*Data extracts*.
# # # # #

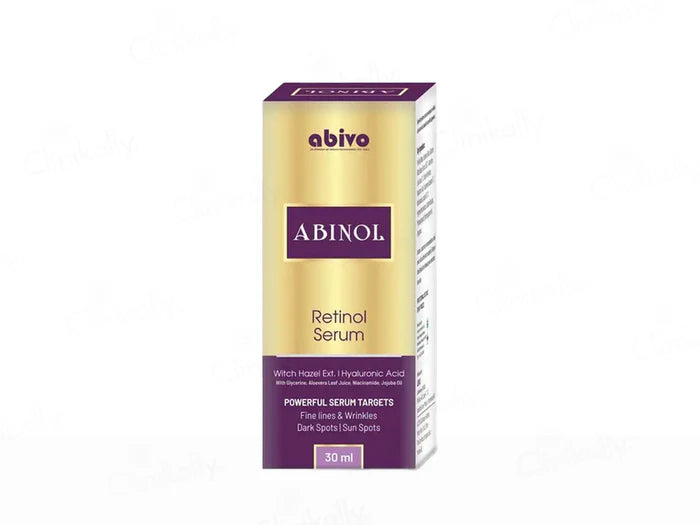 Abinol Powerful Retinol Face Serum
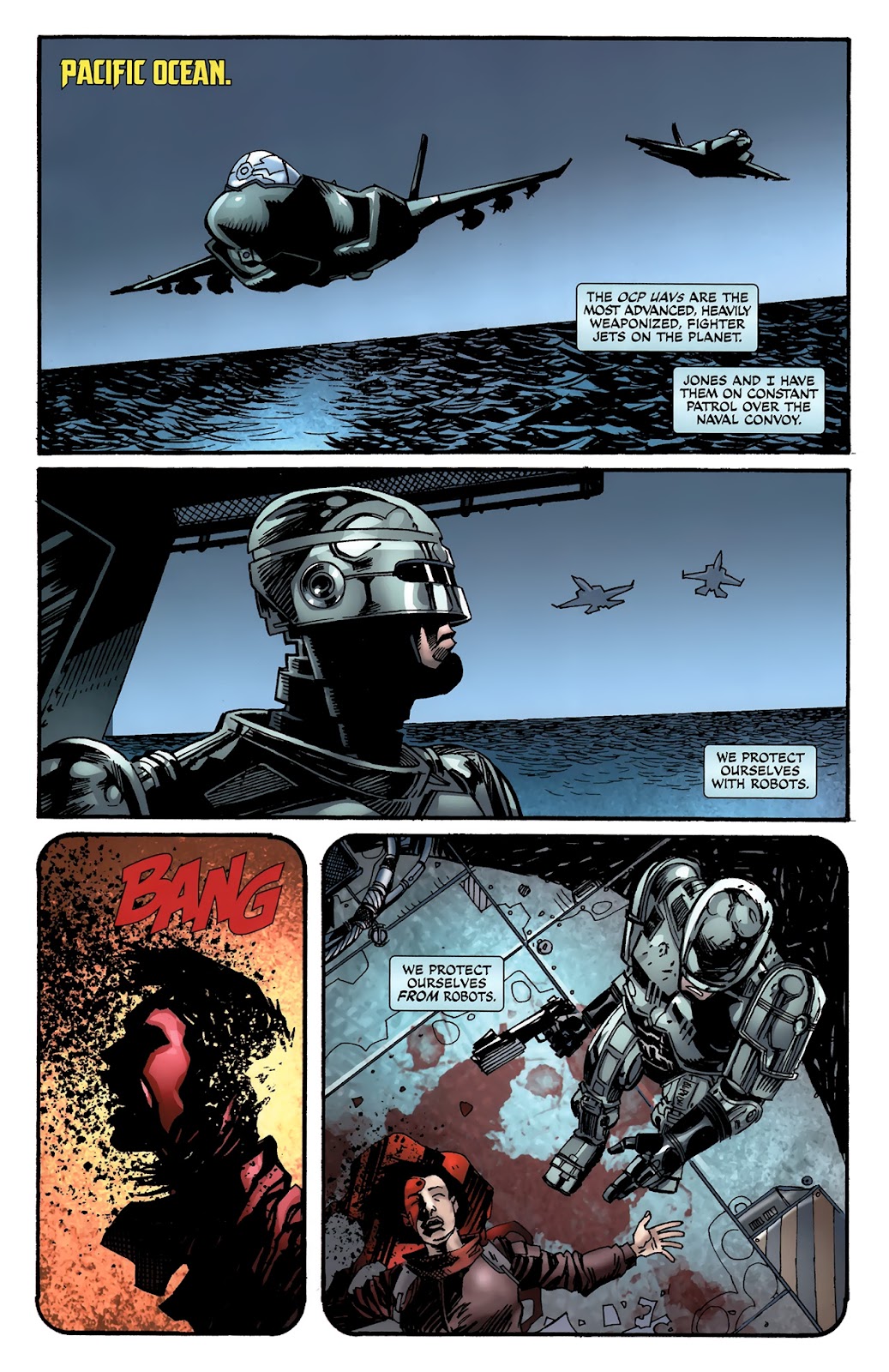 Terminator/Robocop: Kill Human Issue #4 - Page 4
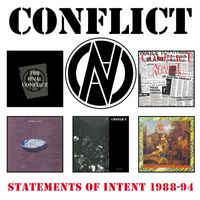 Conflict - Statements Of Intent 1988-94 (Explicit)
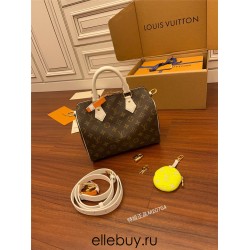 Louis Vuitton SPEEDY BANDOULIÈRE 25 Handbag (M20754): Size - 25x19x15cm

# # # # #

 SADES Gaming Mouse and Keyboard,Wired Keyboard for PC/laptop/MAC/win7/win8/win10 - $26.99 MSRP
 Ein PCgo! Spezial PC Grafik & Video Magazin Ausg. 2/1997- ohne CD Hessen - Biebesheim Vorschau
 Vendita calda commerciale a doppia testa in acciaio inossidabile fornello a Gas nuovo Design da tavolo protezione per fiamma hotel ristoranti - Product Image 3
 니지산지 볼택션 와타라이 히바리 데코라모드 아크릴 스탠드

# # # # #

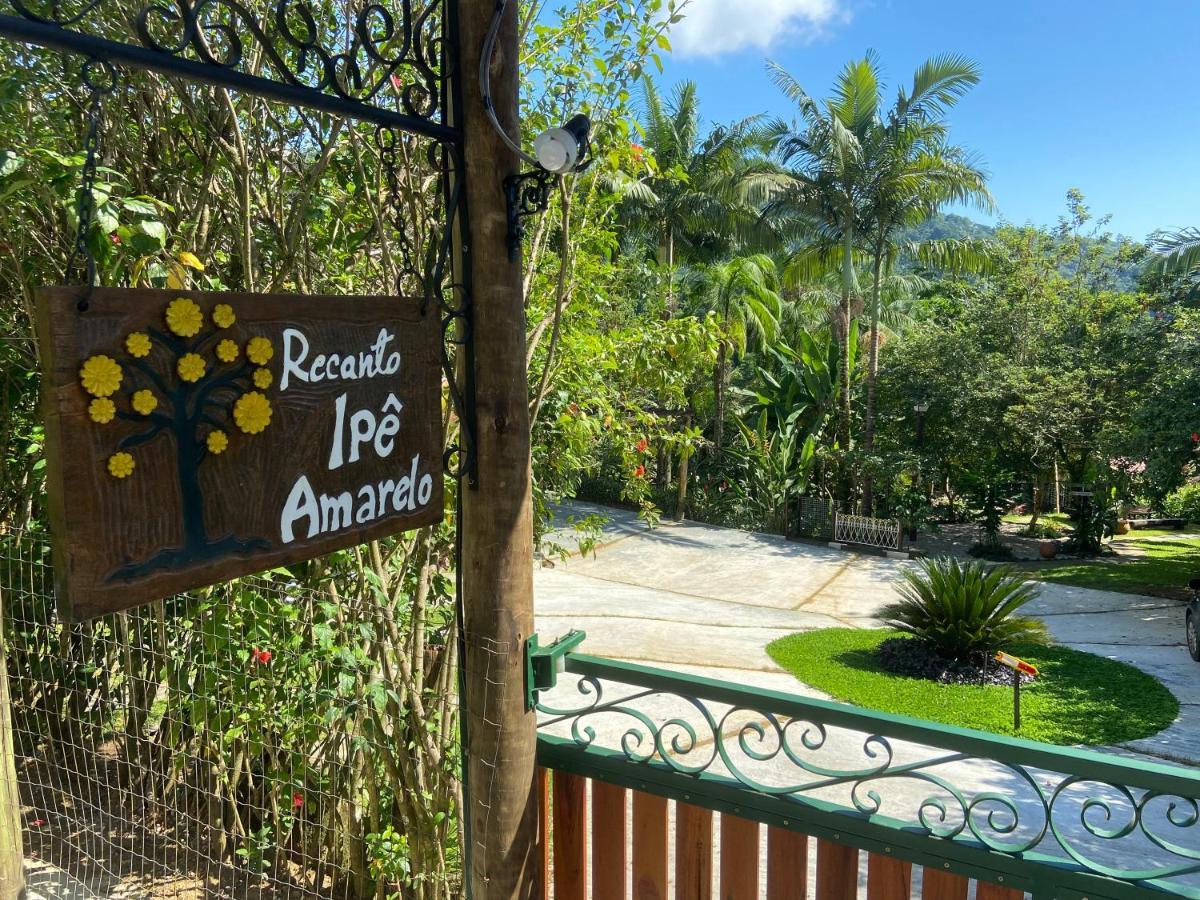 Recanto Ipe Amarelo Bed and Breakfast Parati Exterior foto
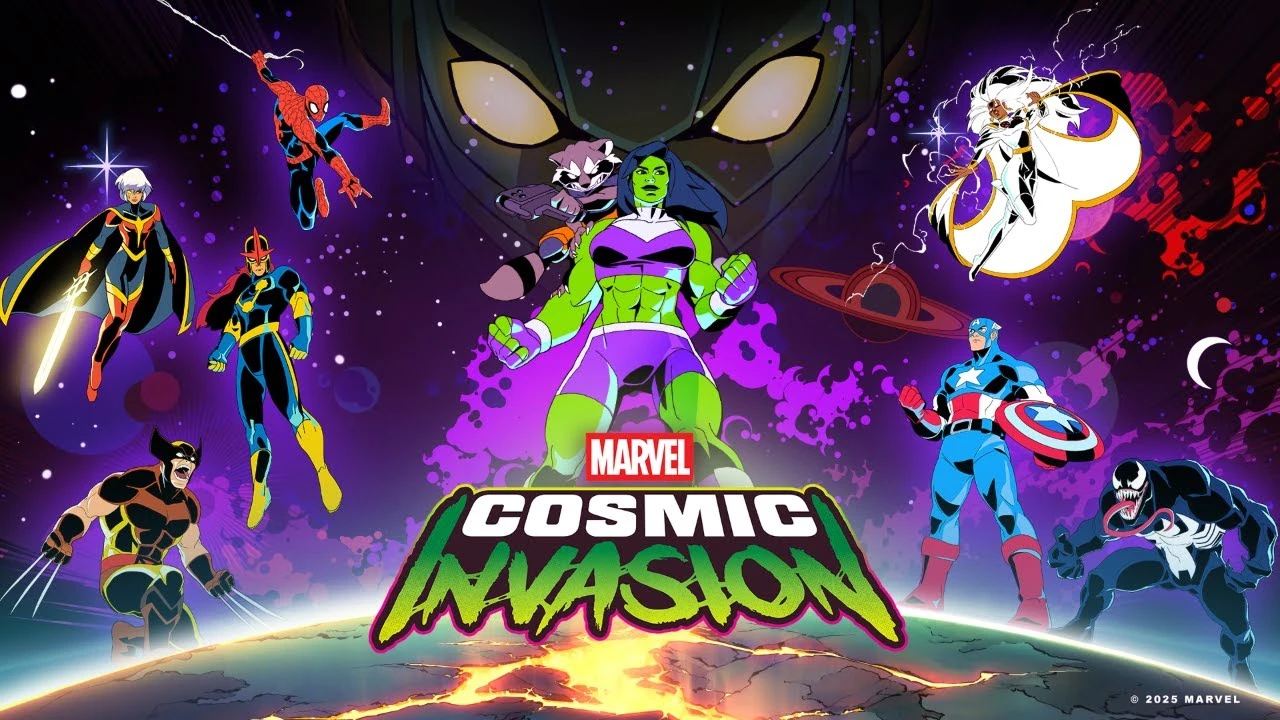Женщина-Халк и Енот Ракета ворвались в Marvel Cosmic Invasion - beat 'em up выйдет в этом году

# # # # #

*Goal of the exercise*. Write out exactly the lines that fall from the line with "SADES Gaming Mouse" to the line with "니지산지 볼택션 와타라이 히바리 데코라모드 아크릴 스탠드" in the records above, keeping both ends.

*Solution*.
 SADES Gaming Mouse and Keyboard,Wired Keyboard for PC/laptop/MAC/win7/win8/win10 - $26.99 MSRP
 Ein PCgo! Spezial PC Grafik & Video Magazin Ausg. 2/1997- ohne CD Hessen - Biebesheim Vorschau
 Vendita calda commerciale a doppia testa in acciaio inossidabile fornello a Gas nuovo Design da tavolo protezione per fiamma hotel ristoranti - Product Image 3
 니지산지 볼택션 와타라이 히바리 데코라모드 아크릴 스탠드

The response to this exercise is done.